Chaos in the workplace will follow if this case succeeds
Posted: Mon, 21 Oct 2013 11:25 by Terry Sanderson
If an employer can reasonably accommodate religious requests without disrupting their business or disadvantaging their other staff, we have no objection. But if they can't, then employers should have the right to say "no" argues Terry Sanderson.
Just when you thought we had seen the end of foolish legal challenges by the Christian Legal Centre along comes another attempt to gain religious privilege in the workplace.
Now they are backing a Baptist woman who wants every Sunday off from her work as a children's care worker on religious grounds.
Celestina Mba will try to overturn a previous Employment Appeals Tribunal ruling against her, arguing that an employer has a duty to "reasonably accommodate" the beliefs of a Christian employee.
She brought a case for constructive dismissal against the council she worked for, the London Borough of Merton, but it failed on the grounds that observing the Sabbath was not a "core component" of the Christian faith because some believers were prepared to work on a Sunday. The case also turned partly on whether the employer could justify Sunday working as a "legitimate business need".
The case is backed by the ever-litigious Andrea Williams of the Christian Legal Centre whose track record in trying to establish new "rights" (that is to say, privileges) for Christians in the workplace has, up until now, failed almost totally.
This one looks doomed, too, mainly because it is far from reasonable to permit Christians to have every Sunday off work as of right.

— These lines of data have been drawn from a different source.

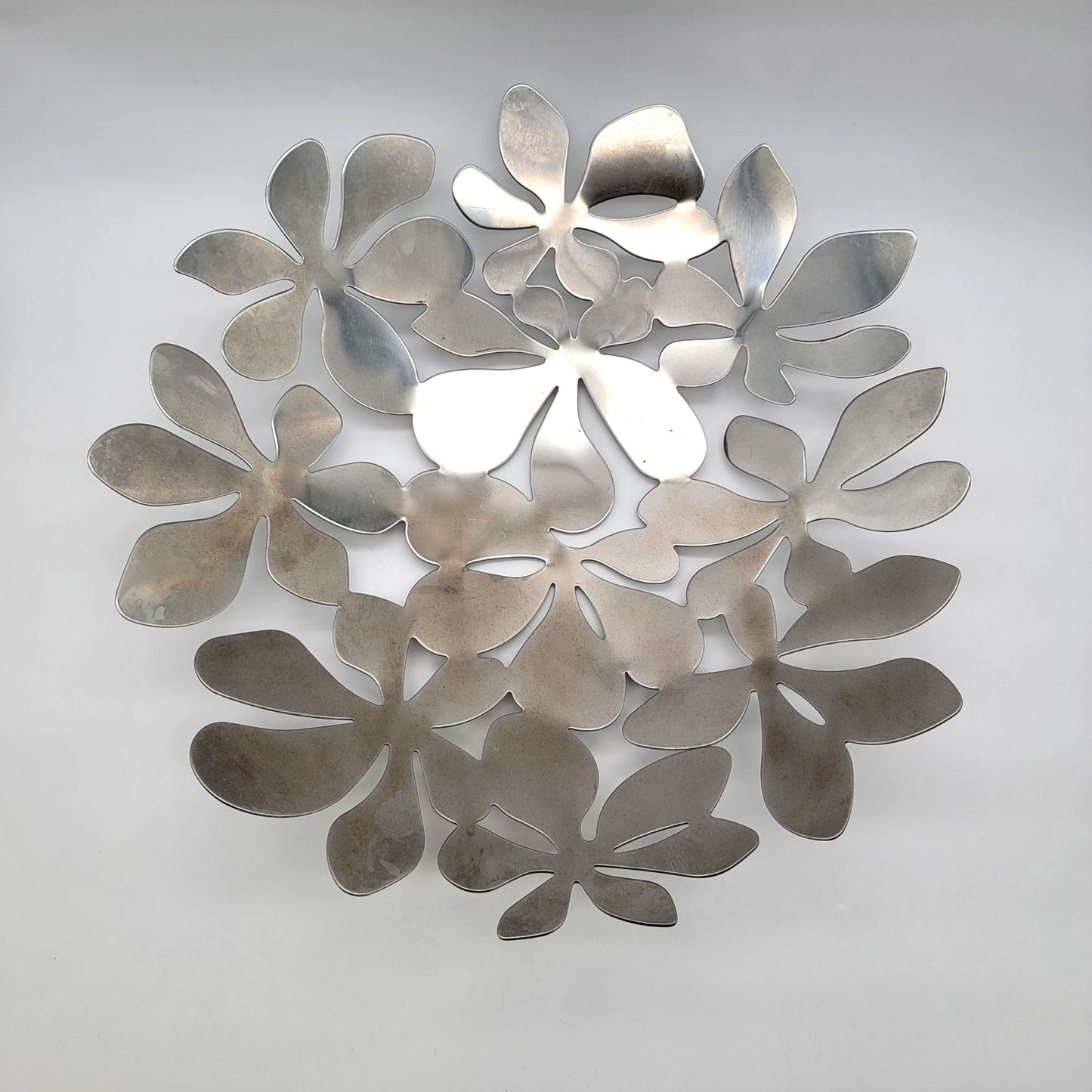 IKEA Stockholm Flower Bowl By Monika Mulder 1997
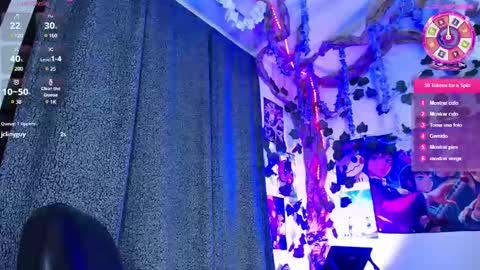 Snapshot of chriss_wg_ chatting on 29, 1, 2025 Christian Wang online show from 29, 1, 2025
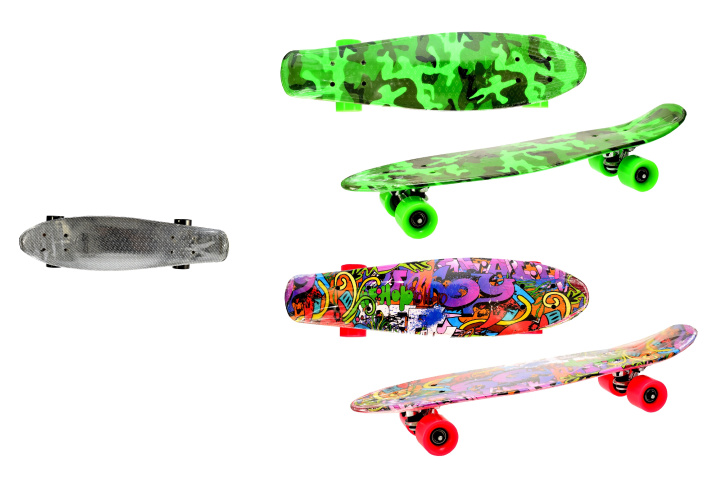 Skateboard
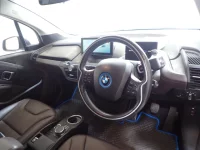 BMW i3 лот № 31012 оценка 4.5  с аукциона в Японии 2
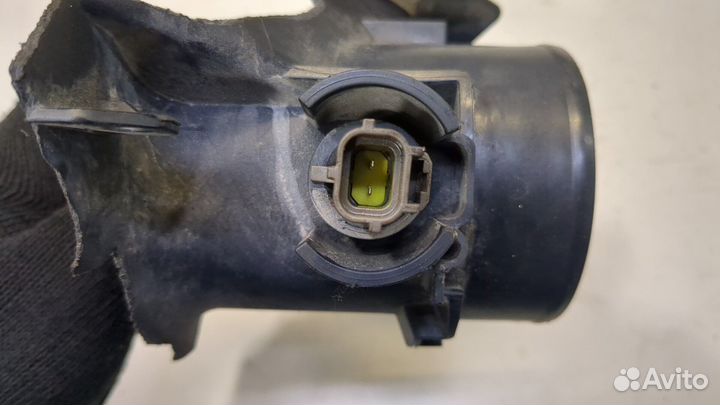 Датчик давления воздуха Ford Focus 4 2018, 2018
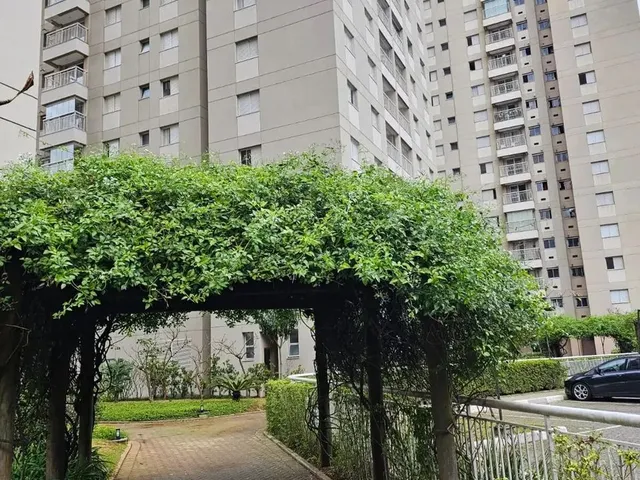 Imagem: Condominio Brisas Residencial - Apartamento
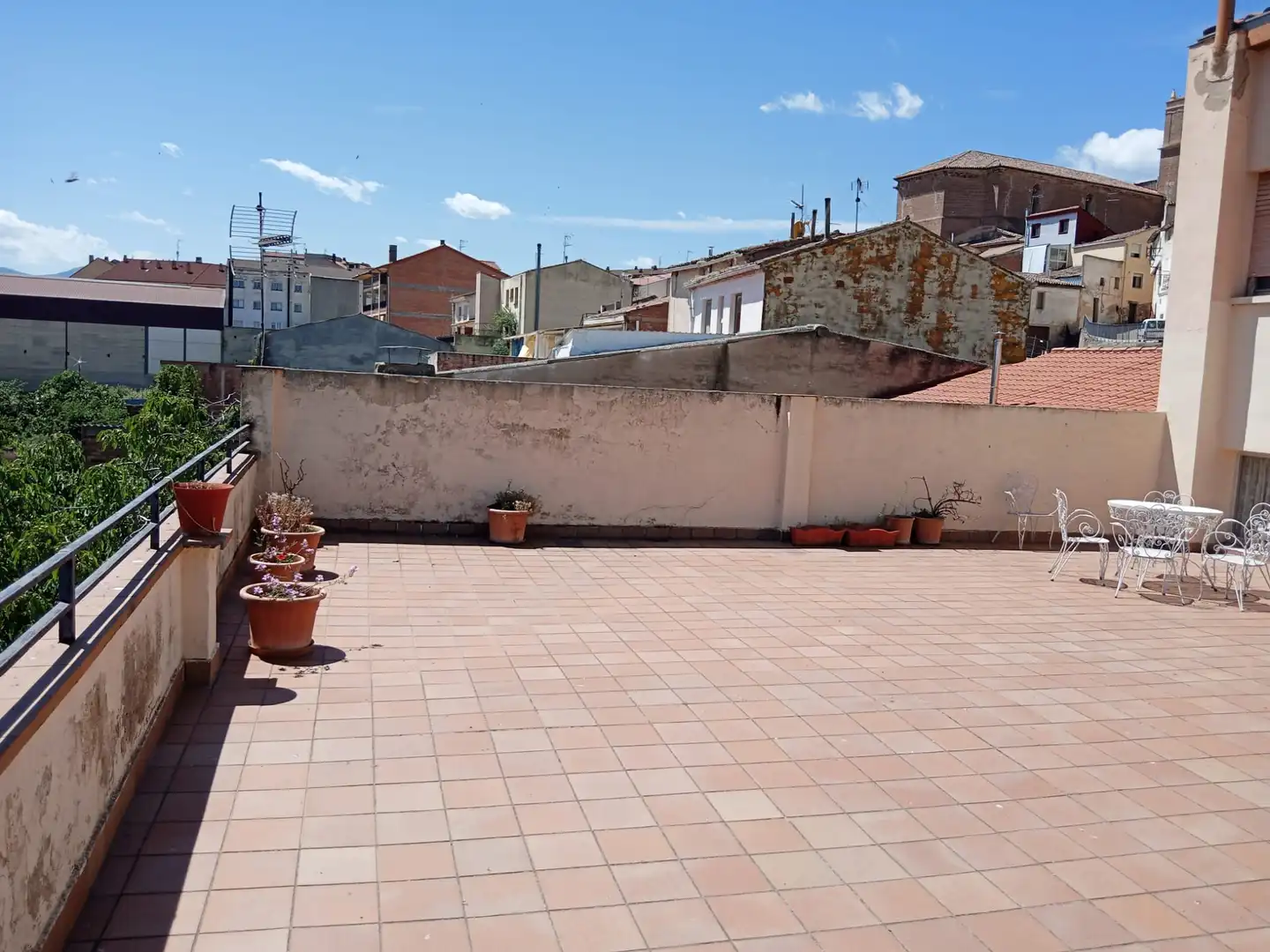 Casa con terraza en venta en Entrena, imagen 4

Not only would this potentially disadvantage these Christians' co-workers — who also might want to have Sunday off to spend with their children and family — but it isn't really very fair on their employers who might have difficulty covering Sundays…
In a business like a care home, you can't just leave the residents to their own devices on Sunday. They can't just be put in a cupboard and forgotten about until Monday morning.
And this is true of all essential services. If Christians are permitted to demand every Sunday off, then why shouldn't Muslims be permitted to have every Friday off and Jews every Saturday? Indeed, as the law stands, if the Christian Legal Centre succeeds in the case, it will have to extend to all religions.
If you are working in a job that requires 24/7 coverage every day of the week (e.g. police officer, firefighter, or nurse) people can't just be excused duties because they claim to be religious.
If an employer can reasonably accommodate these religious requests without disrupting their business or disadvantaging their other staff, then we have no objection. But if they can't, then employers should have the right to say "no".
Christians know the deal when they apply for a job. If the working hours don't suit their religious preferences, and their religious preferences are more important to them than making a living, then they should look elsewhere for a job.
Mrs Mba now has a job where her employer has no problem letting her have Sundays off, so it can be done.
But to try to make it a legally enforceable right is selfish, and has the potential to cause absolute nightmares for employers and their workplaces all over the country.
Terry Sanderson is the President of the National Secular Society. The views expressed are those of the author and do not necessarily represent the views of the NSS.